3. Until further determination of the application or further order, the Third Respondent be restrained by an injunction pursuant to sections 80 and 87 of the Act from:

(a) carrying on business from within the original Robina Franchise store, being the store originally approved by the Applicant;

further, or alternatively:

(b) informing customers in any way whatsoever, whether by written or oral conduct, that there is a connection, or affiliation between the operations, franchise system and goodwill of the Applicant and the Third Respondent’s business;

(c) using the business name "Cash Converters" in conducting business from within the original Robina Franchise store, being the store originally approved by the Applicant; and

(d) allowing the sign "JEWELLERY NEW & OLD" to remain above the entrance door of the Third Respondent’s business being carried on from within the original Robina Franchise store, being the store originally approved by the Applicant;

4. Until further determination of the application or further order, the Fourth Respondent be restrained by an injunction pursuant to sections 80 and 87 of the Act from:

(a) carrying on business from within the original Robina Franchise store, being the store originally approved by the Applicant;

further, or alternatively:

(b) informing customers in any way whatsoever, whether by written or oral conduct, that there is a connection, or affiliation between the operations, franchise system and goodwill of the Applicant and the Third Respondent’s business;

(c) using the business name "Cash Converters" in conducting business from within the original Robina Franchise store, being the store originally approved by the Applicant; and

(d) allowing the sign "JEWELLERY NEW & OLD" to remain above the entrance door of the Third Respondent’s business being carried on from within the original Robina Franchise store, being the store originally approved by the Applicant;’

Principles applicable

48 In determining whether to grant an interlocutory injunction the Court will have regard to two main issues. These are whether:

1. there is a serious question to be tried, and

2. the balance of convenience favours the granting of the injunction.

49 These two elements are not to be considered in isolation. Accordingly, the apparent strength or indeed the weakness of the applicant’s case can be taken into account in assessing the balance of convenience (Castlemaine Tooheys Ltd v South Australia [1986] HCA 58; (1986) 161 CLR 148 at 154).

50 A further consideration in relation to the balance of convenience in a case where the applicant seeks an interlocutory injunction on the basis that it fears that it will suffer irreparable loss unless the injunction is granted, is the assessment of the risk of imminent and serious damage to the applicant on one hand, and the prejudice to the respondent on the other hand if the injunction is granted (Spry, Equitable Remedies, 6th edn, Law Book Co, Sydney, 2001).
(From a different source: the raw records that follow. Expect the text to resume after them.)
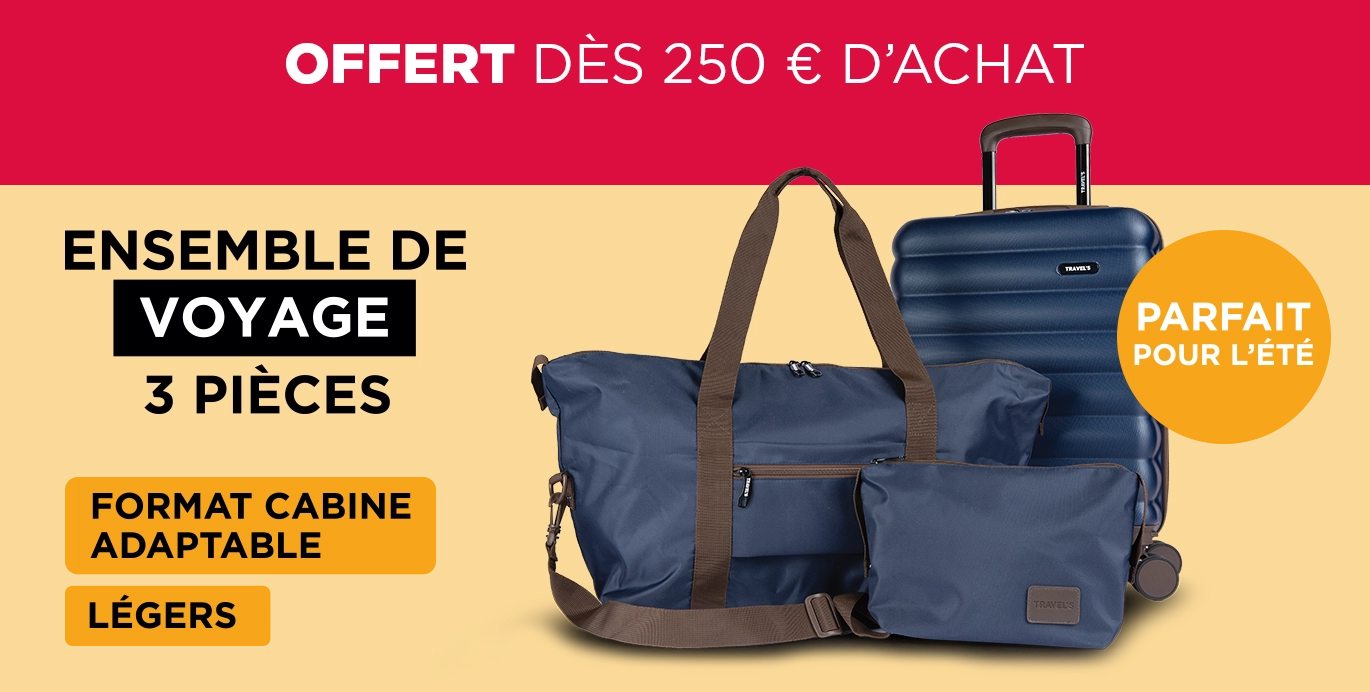 Ensemble 3 pièces offert pour 250 € d’achat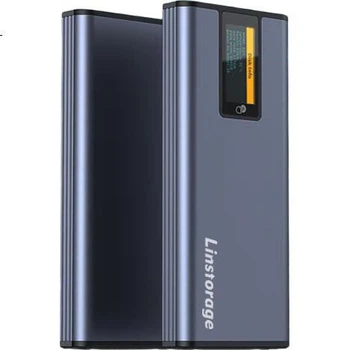 Корпус для SSD-накопичувача LINSTORAGE M.2 NVMe, портативний корпус для жорсткого диска Type-C 3.2
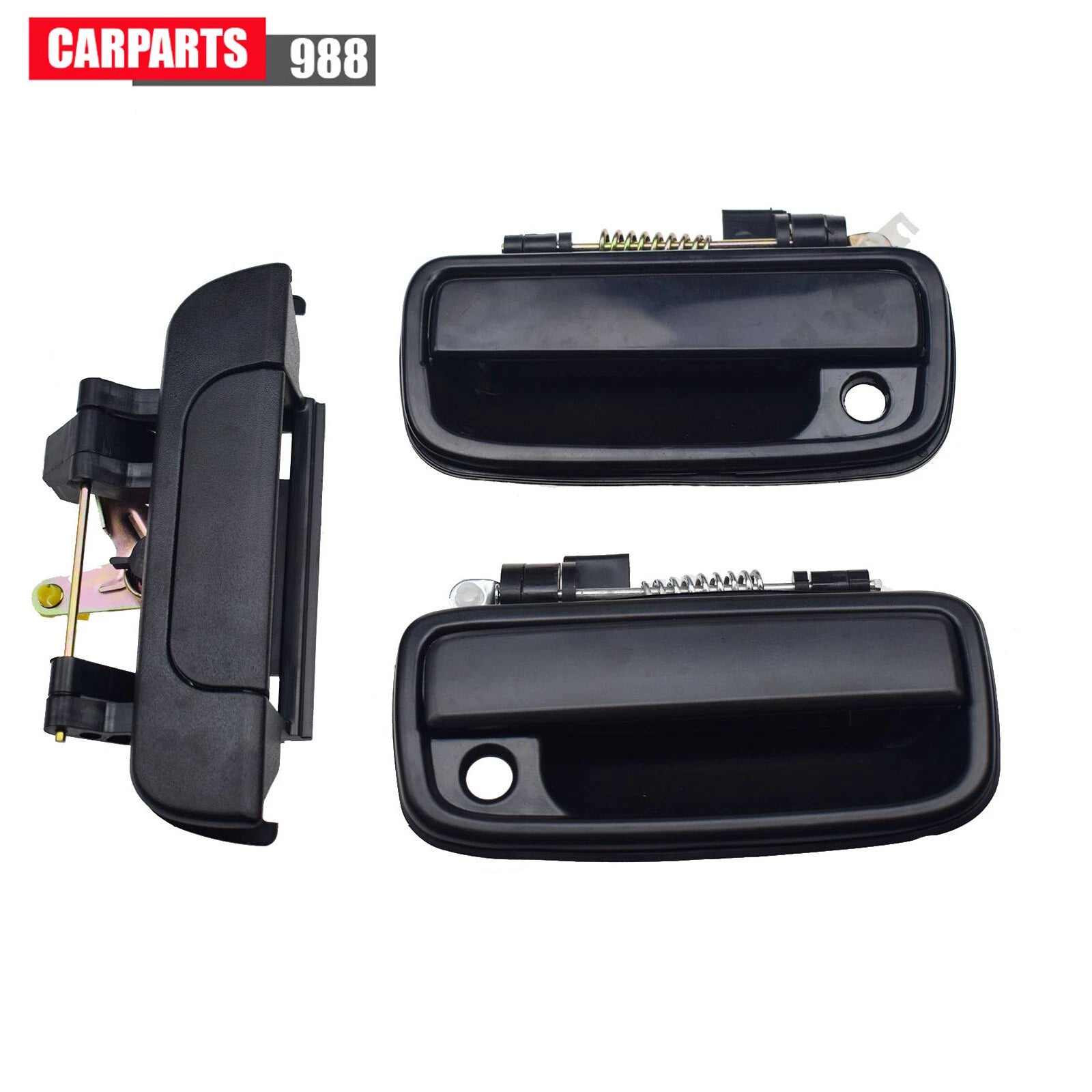 Outside Pair Front Door Handle +Tailgate Handle for 1995-04 Toyota Tacoma Pickup 6B93BC-57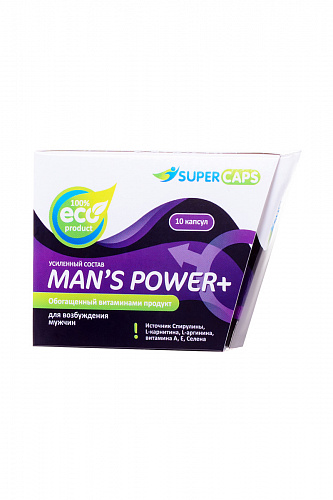 Бад "Man'sPower plus" 10 капсул 150274 Бад "Man'sPower plus" 10 капсул 150274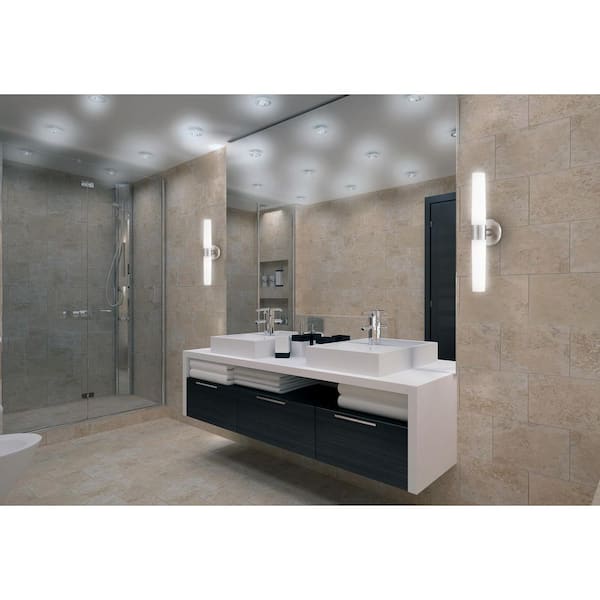 Vesper Collection 2-Light Brushed Nickel Wall Sconce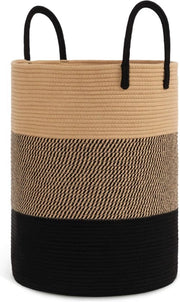 Asciugamano a rete asciugamano con cesto asciugamano di cotone e rattan per bagno soggiorno camera da bambini 38 x 50 cm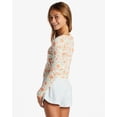 thumbnail image 3 of Billabong Girls Youth Kids Fall For It Floral Long Sleeve Buttoned Top (Medium, Salt Crystal), 3 of 3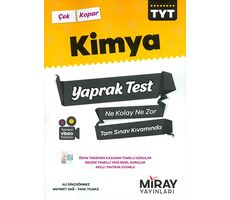 TYT Kimya Yaprak Test Miray Yayınları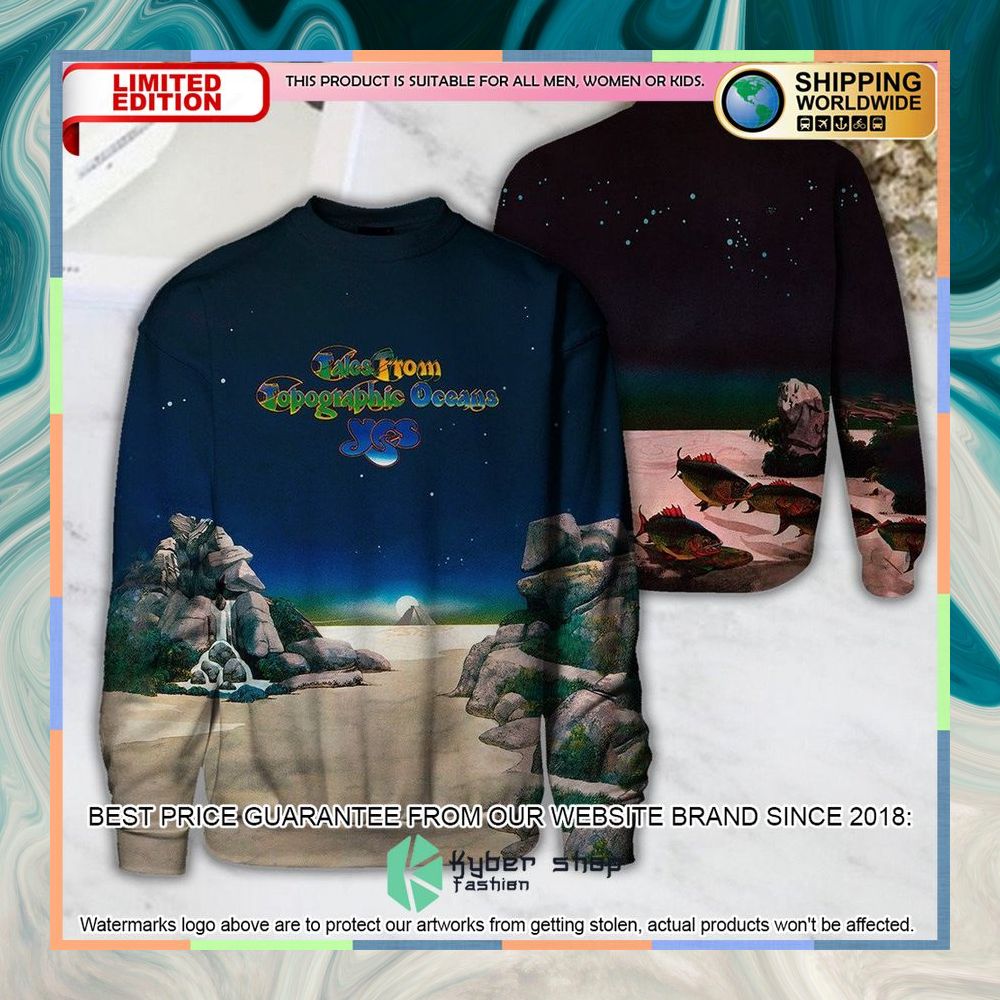 Yes Band Tales From Topographic Oceans Album T Shirt 9 yes band tales from topographic oceans album t shirt 3 806
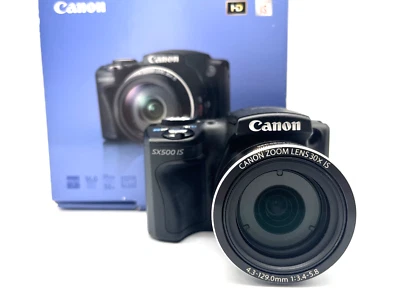 Canon PowerShot SX500 IS 16 MP Digital Camera, with 30x Optical Zoom - Image 1 of 4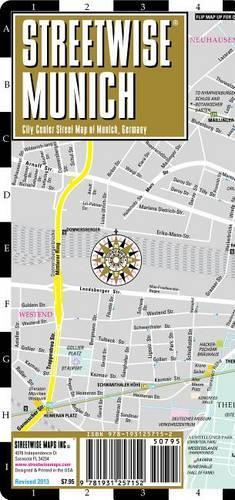 Streetwise Munich Map - Laminated City Street Map of Munich, Germany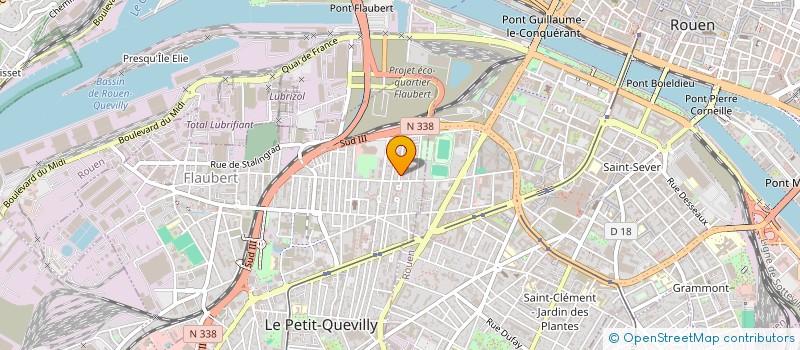 localisation de l'entreprise SOC EXPL ETABLISSEMENTS LEFEBURE à LE PETIT-QUEVILLY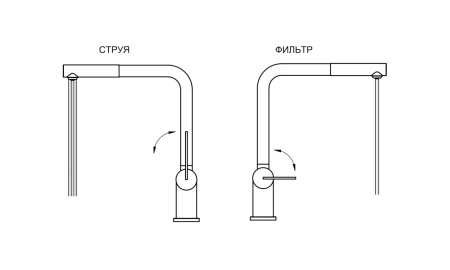 картинка Смеситель Granula GR-8170, БАЗАЛЬТ, с выдвижным изливом от магазина SEFI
51 In weighing the balance of convenience it is also necessary to take into account the impact of the injunction upon third parties and the public. The authorities are discussed by Steytler J (as he then was) in Redman v Southern Cross Broadcasting (Australia) Ltd [2001] WASC 9. I turn now to deal with each of the claims.

Injunctions against the third and fourth respondents – par 3 and par 4 of the notice of motion

52 I deal firstly with the claim for an injunction that the third and fourth respondents be restrained until trial or further order from continuing to carry on business under the name ‘Cash Providers’ from its current location in the Video Ezy Shopping Plaza in Robina. It was said by counsel for the applicant that this was the primary item of relief sought in the application. Counsel for the applicant argues that by reason of the impugned conduct, the third and fourth respondents have created the misleading impression in the relevant class of consumers that the applicant has an association with the third respondent and has ‘endorsed the veracity of Small Loans and its services’. Counsel argues that an injunction should be granted until trial because the applicant fears that if the injunction is not granted consumers will associate it with the loan services being offered by the third respondent and the applicant will accordingly suffer irreparable loss to its reputation and goodwill.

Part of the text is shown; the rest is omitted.